While scanning the bookshelf in my house looking for a particular volume, I happened to come across a copy of one of the most well-known Agatha Christie novels Ten Little Indians that is a detective story without a detective, consisting of a somewhat contrived plot in which ten people are invited to an isolated island by a mysterious host and then get killed off one by one in a manner that reflects the children’s poem from which the book’s title is taken.

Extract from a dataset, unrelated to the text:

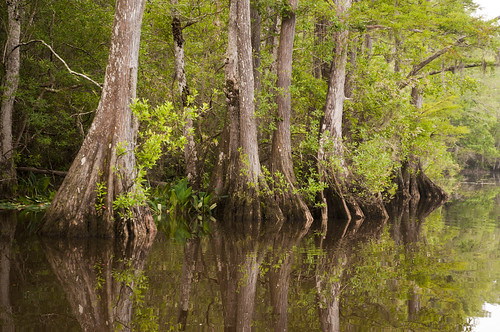 park usa water creek river nikon wasser unitedstates alabama cypress baldwincounty d5000 fisherbray byrneslake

I had read the book a long time ago at an age when I was an avid fan of detective stories and read almost all Christie’s books, and decided to read it again. In one passage, as the idea that they have all been brought to the island to be killed and that there is no escape sinks is, one woman starts getting hysterical.

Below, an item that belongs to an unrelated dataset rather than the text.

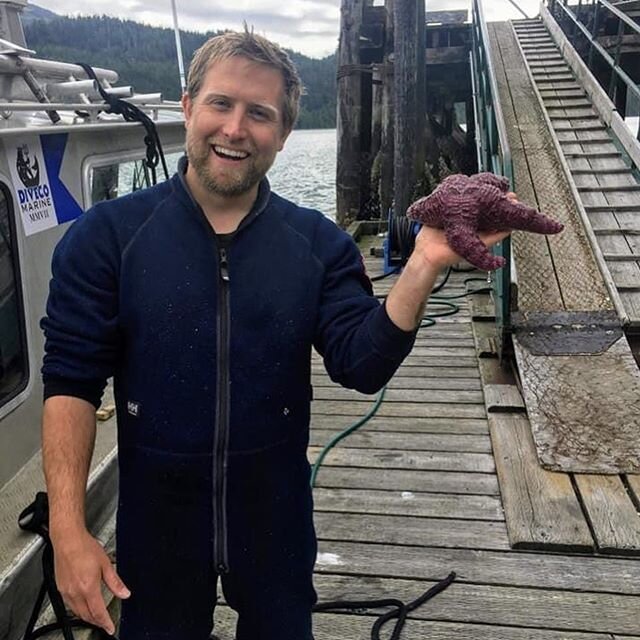 Patrick found an awfully large starfish at the  gas station! 😳 &mdash;

#diveco #workfinds #starfish #lovewhatyoudo #marinelife #commercialdiving #vancouverisland #bcjobs #divebc #mariner #adayinthelife #campbellriver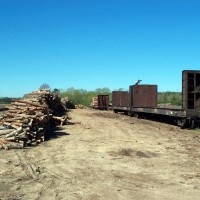 Abandawoodpiles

She began laughing wildly again. Dr. Armstrong strode forward. He raised his hand and struck her a flat blow across the cheek. She gasped, hiccupped – and swallowed. She stood motionless a minute, then she said, “Thank you … I’m all right now.” Her voice was once more calm and controlled-the voice of the efficient games mistress.

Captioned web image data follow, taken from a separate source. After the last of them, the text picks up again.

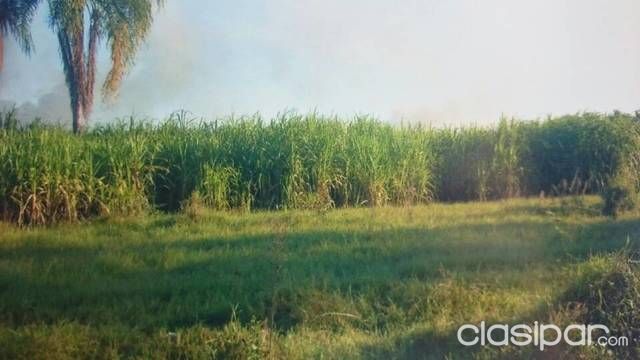 Oferto Propiedad De 70 Hectareas — foto 2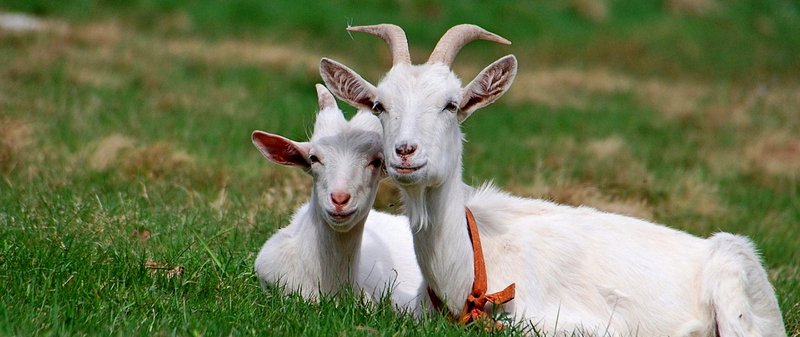 Все о козах в Йошкар-Оле | ЗооТом портал о животных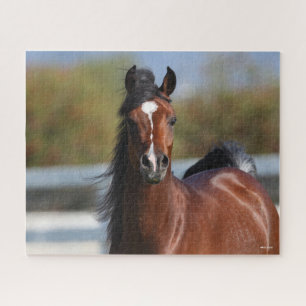 Bob Langrish Bay Arab Colt Headshot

This is a familiar scene that one finds in books of a certain bygone era but rarely these days. In reading that passage now, it seems absurd on several levels. One is the idea that women get hysterical quite easily. I am not talking about the uncontrollable sobbing that accompanies a great loss and is quite natural. I am talking about women who lose control and act and speak wildly when confronted with a situation that is strange or unexpected or fearful. I have never seen anyone, man or woman, behave that way. Does it actually happen?
The other problem is the supposed remedy, a hard slap across the face. In fiction, it works like magic. The woman is cured of her hysterics immediately and often even thanks the slapper, with variations on “Thanks! I needed that.”
This slapping of hysterical women often occurs in films produced even in the late 20th century and was parodied in the film Airplane!.
Some people still believe in the efficacy of slapping to cure what they see as hysterics. Recently, Mel Gibson admitted that he had slapped the mother of his child while she was holding the baby because he felt that she was behaving hysterically.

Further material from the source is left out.